# I bet I'm getting cheated on



## bell (Jul 10, 2011)

I am a SAHM, I do work two days out of the week, just a few hours at the mall. My hubs has a job that requires him to wear a pager to be contacted. Bc he cannot take cell phones inside many of the areas he works. 

He never calls or text me during the day, not even when I'm at work. Sometimes he doesn't return my pages, emails, or text.

But he will spend a lot of time on his phone with other people from work, texting, playing word games, chess, and emailing.

His average time at the office/lab is until late in the evening 7 or 8.

He goes into work on a Sunday at 9 a.m, not his usual hours, and when I call him, page, and email hmi since 1:30, I don't get anything back.

Finally he calls me from this lab that I previously recorded in my contact list as his female co-workers lab. And claims he NEVER received any of those pages, just the one email on his phone. 
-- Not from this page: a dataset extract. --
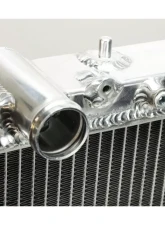 Greddy TW-R Aluminum Radiator Nissan Silvia 180SX 1988-1998                                     - 12023800 - Image 4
I know I mentioned a female co-worker, but I also wonder if he has EA or he is possibly closet gay.

DOES THIS SOUND FAMILIAR?


----------



## MattMatt (May 19, 2012)

I hope you lose your bet. 

But why would you think he is a closet gay?


----------



## flyfishdoc (Oct 21, 2012)

Trust your gut instinct.....I didn't at first...which I had bustedvthem sooner


----------



## the guy (Aug 3, 2010)

There are alot of red flags you can also look for;

*picking fights over stupid stuff
*less sex or even more then usual sex
*runs into the shower when getting home
* close down windows on compoter when you enter room
* walks out of room to take calls
* dresses better and smells better when off to work
* has a friend he spend more time with then you
* gaurds cell phone versus leaving it laying around


----------